The flaw traces back to a race condition tied to improper link resolution before file access, a pattern formally classified under CWE-59. In practice, the scanning engine can be tricked into following a file-system link incorrectly during normal security operations. This lets an attacker redirect a privileged action toward an unintended target.

Security researcher Chaotic Eclipse, who also goes by Nightmare-Eclipse, disclosed RoguePlanet roughly a week before Microsoft assigned it a CVE. According to the researcher, successful exploitation produces a command shell running with SYSTEM privileges. That level of access effectively lets an attacker operate as the system itself rather than as a constrained local user.

The researcher has also noted that exploitation is inconsistent across different machines. On some systems, the proof-of-concept reportedly achieves a 100 percent success rate. On others, performance drops noticeably. The underlying race condition depends on timing that can vary by hardware and configuration.

In a follow-up statement, Nightmare-Eclipse added a further detail. The proof-of-concept reportedly works regardless of whether Defender’s real-time protection is enabled or disabled. The researcher also suggested the exploit may function even in Defender’s passive scanning mode, though they noted they had not specifically tested that scenario themselves.

Part of a Larger Pattern of Disclosures

RoguePlanet is not an isolated release. Nightmare-Eclipse has published a string of Microsoft zero-day exploits since March 2026. These include BlueHammer and RedSun, two earlier Windows privilege escalation flaws, along with UnDefend, a Defender denial-of-service bug. The researcher also disclosed YellowKey, a BitLocker bypass issue, and GreenPlasma, a separate privilege escalation flaw in the Windows Collaborative Translation Framework component.

This pattern of releases appears connected to an ongoing dispute between the researcher and Microsoft over the company’s vulnerability disclosure and bug bounty practices. In late May, Microsoft’s Security Response Center published a blog post addressing Nightmare-Eclipse’s disclosures. The post warned that its Digital Crimes Unit would pursue cases against parties enabling what it called criminal activity. That language drew criticism from parts of the security research community, who read it as a potential threat against legitimate research work. Microsoft later clarified that it had no intention of pursuing action against individuals conducting or publishing security research.

Microsoft has not credited Nightmare-Eclipse for the RoguePlanet disclosure, consistent with the company’s general preference for coordinated vulnerability disclosure over public zero-day releases.

Current Risk Assessment

According to Microsoft’s own advisory, there is currently no confirmed evidence of RoguePlanet being exploited in the wild. Even so, the company has rated the vulnerability as “Exploitation More Likely” under its Exploitability Index, reflecting the public availability of working proof-of-concept code.
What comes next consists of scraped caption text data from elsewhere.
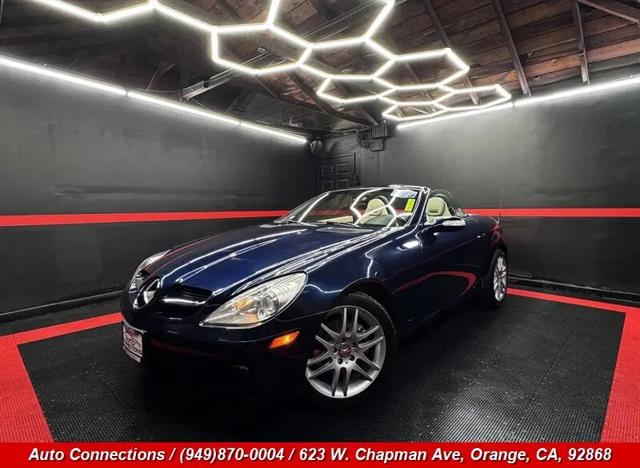 2007 Mercedes-Benz SLK SLK 280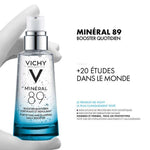 Offre Mineral 89 Serum Fortifiant 50 ML + 2 Format Voyage Offerts - VICHY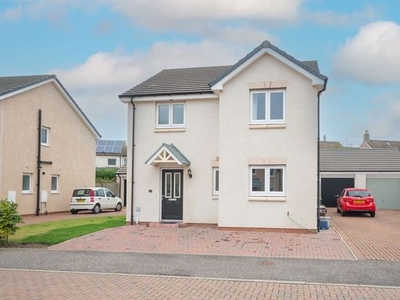 Detached house for sale in Arrow Crescent, Musselburgh EH21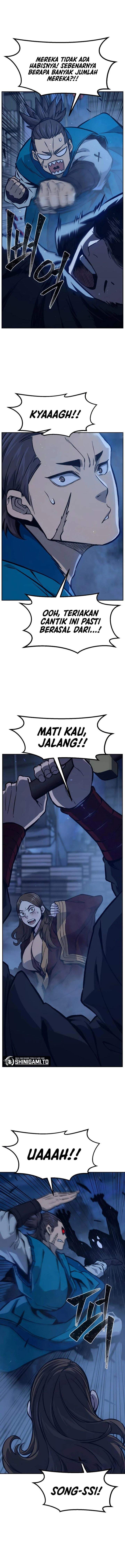 Absolute Sword Sense Chap 176 - Next Chap 177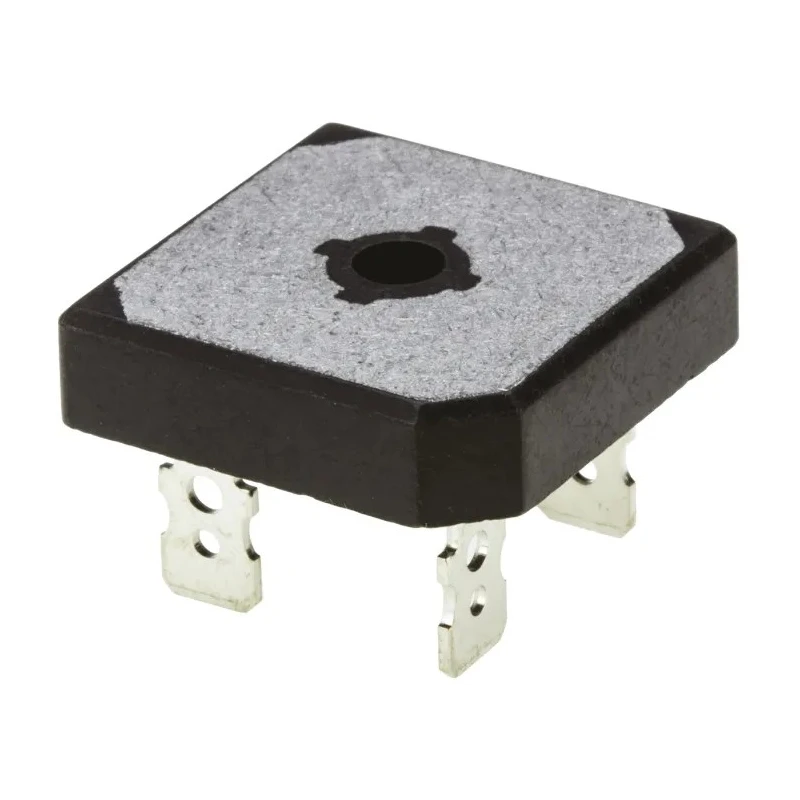 Vishay Bridge Rectifier, 400 V, 420 A, 4-Pin Single, Screw Mount VS-GBPC2504A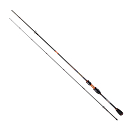 Купить Sakura SATRH800155-2XUL Tsubarea Спиннинговая Удочка Черный Black 1.65 m  7ft.ru в интернет магазине Семь Футов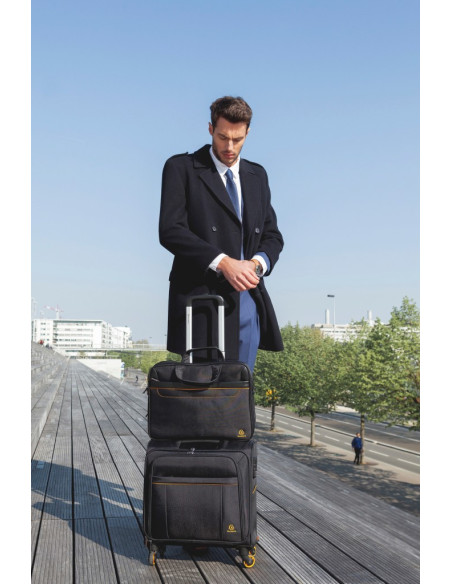 SD-NBK676,Servieta laptop 15,6" Exactive Exacompta 17434E, negru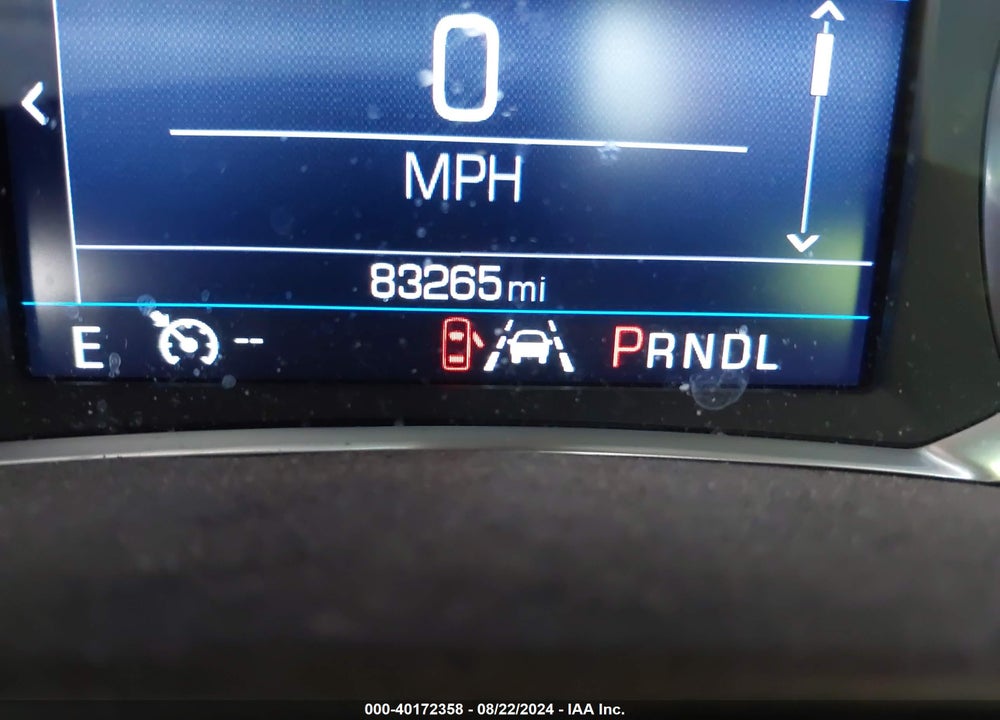 2020 CHEVROLET EQUINOX FWD 2FL VIN: 3GNAXJEV9LS506702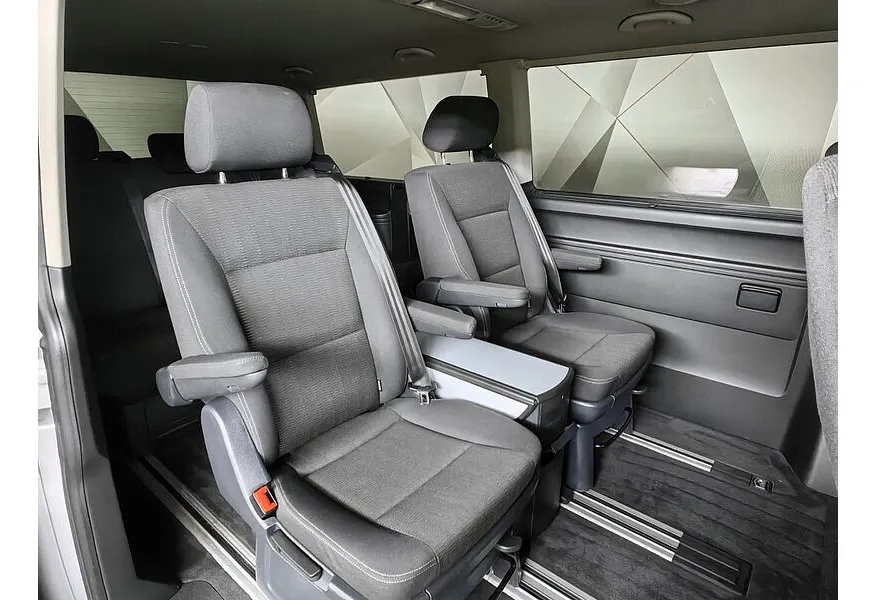 АВИЛОН - Volkswagen Multivan 2.0 biTDI BMT (150кВт), авт.-7 (DSG) 4Motion Comfortline Серебристый - slide 9
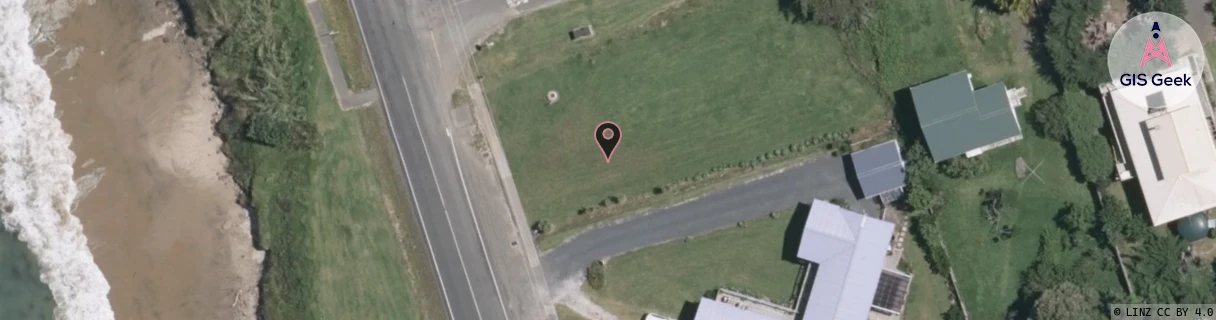 Cabinet OPN/G Opononi aerial image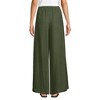 Lands' End Women's Linen High Rise Palazzo Pants - 2 of 4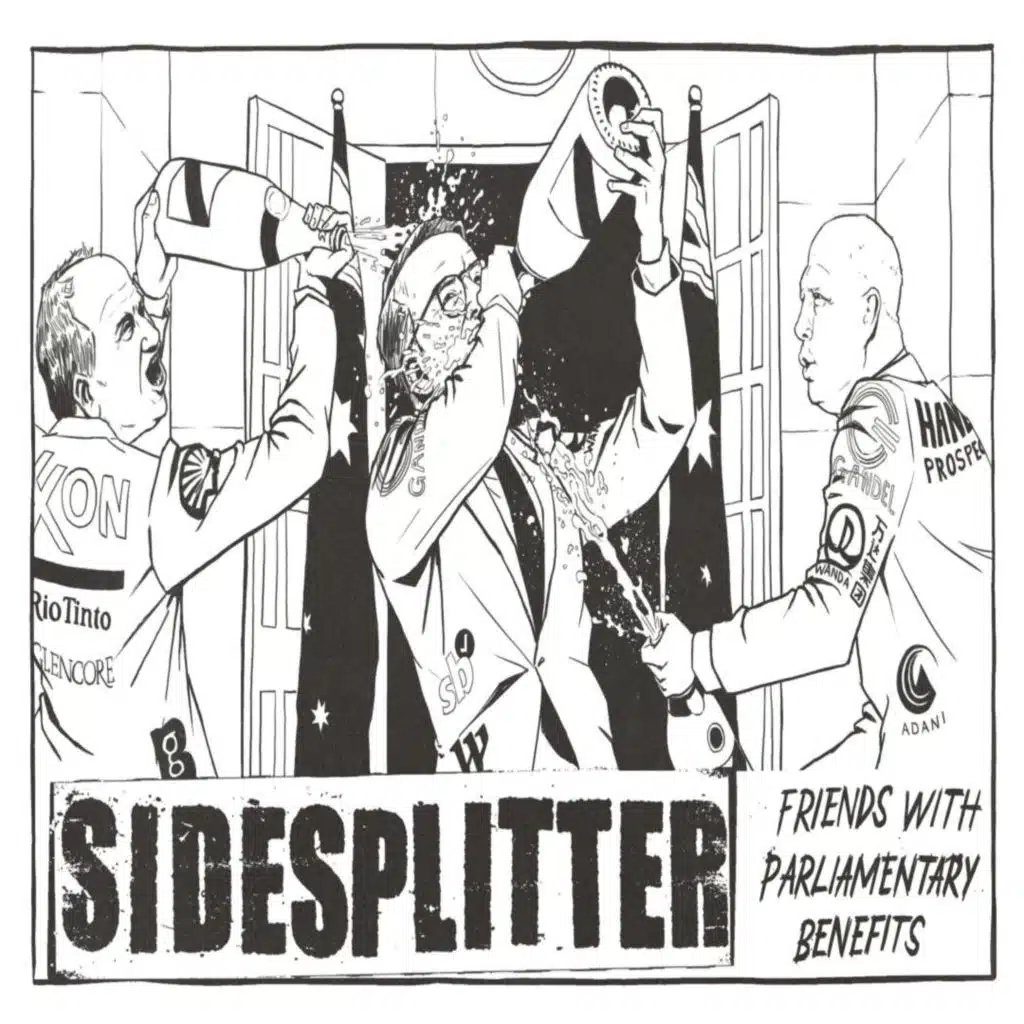 SIDESPLITTER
Until a patch ships, organizations should treat unusual Defender engine behavior as worth investigating. This includes unexpected crashes or unauthorized link and file-access activity in sensitive paths. Because the exploit reportedly succeeds independent of real-time protection settings, simply toggling that feature is unlikely to offer meaningful protection on its own. The most reliable safeguard remains applying Microsoft’s official patch once it becomes available.